_PROBLEM TO WORK ON:_
Restate word for word the lines of the records below, starting at the line that contains "Псилоцибиновые грибы Psilocybine" and ending at the line that contains "칠면조 브레드와 버터가", with both of those lines included and nothing else.

_SOURCE MATERIAL:_
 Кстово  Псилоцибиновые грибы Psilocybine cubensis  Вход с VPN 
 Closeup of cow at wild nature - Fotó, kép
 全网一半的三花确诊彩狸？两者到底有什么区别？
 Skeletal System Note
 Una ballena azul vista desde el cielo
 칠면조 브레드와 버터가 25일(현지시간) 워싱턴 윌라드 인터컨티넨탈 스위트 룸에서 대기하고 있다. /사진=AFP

---

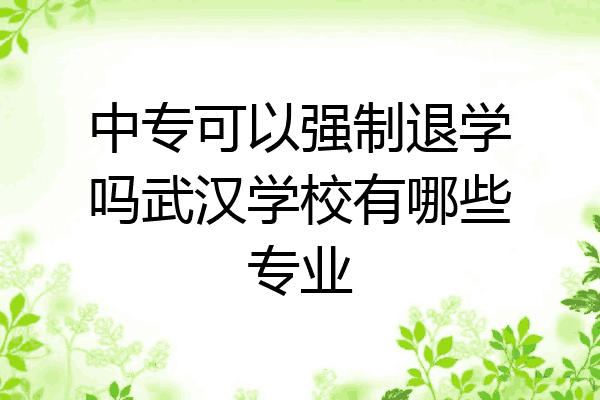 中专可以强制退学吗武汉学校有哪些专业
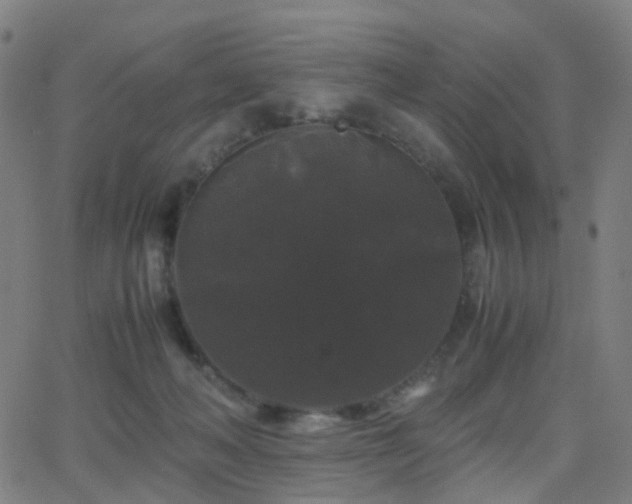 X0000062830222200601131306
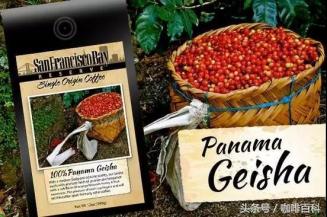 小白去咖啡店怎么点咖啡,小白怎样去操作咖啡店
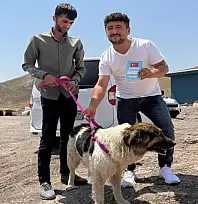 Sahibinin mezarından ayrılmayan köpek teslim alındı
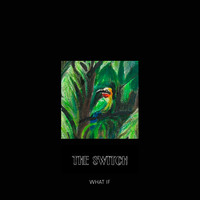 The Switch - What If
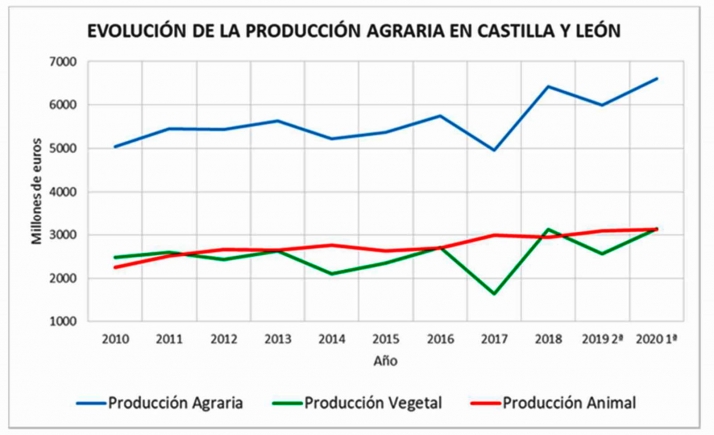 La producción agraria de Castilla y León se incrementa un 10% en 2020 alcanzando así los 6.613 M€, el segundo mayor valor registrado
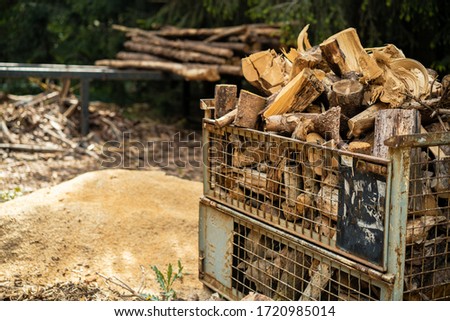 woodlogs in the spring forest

==

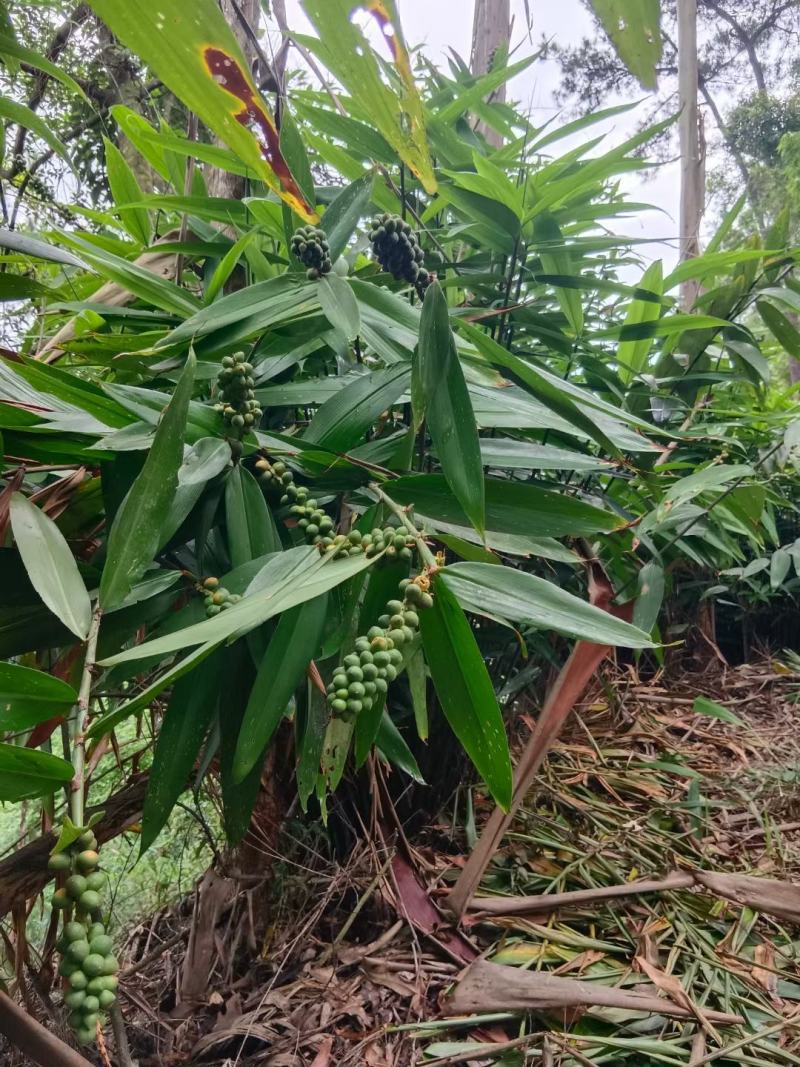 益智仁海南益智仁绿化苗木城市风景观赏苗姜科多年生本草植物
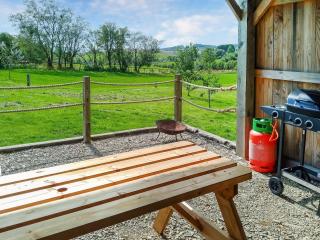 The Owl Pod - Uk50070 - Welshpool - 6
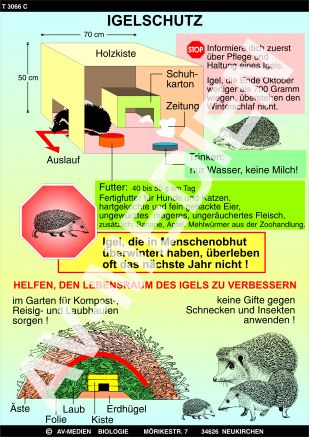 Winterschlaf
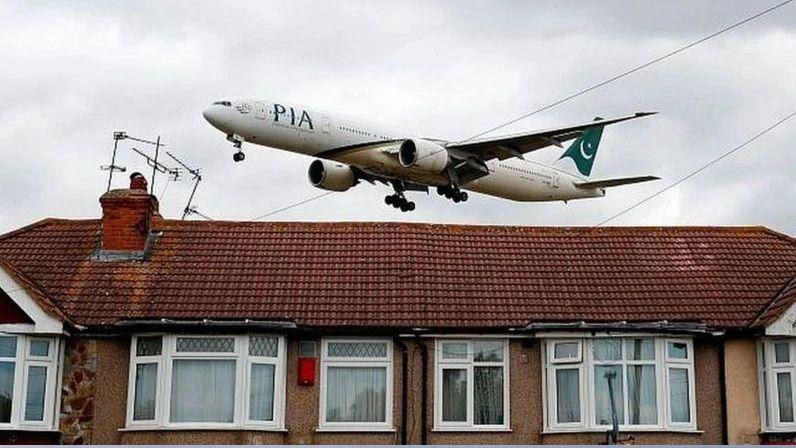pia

_EXERCISE SOLUTION:_
 Кстово  Псилоцибиновые грибы Psilocybine cubensis  Вход с VPN 
 Closeup of cow at wild nature - Fotó, kép
 全网一半的三花确诊彩狸？两者到底有什么区别？
 Skeletal System Note
 Una ballena azul vista desde el cielo
 칠면조 브레드와 버터가 25일(현지시간) 워싱턴 윌라드 인터컨티넨탈 스위트 룸에서 대기하고 있다. /사진=AFP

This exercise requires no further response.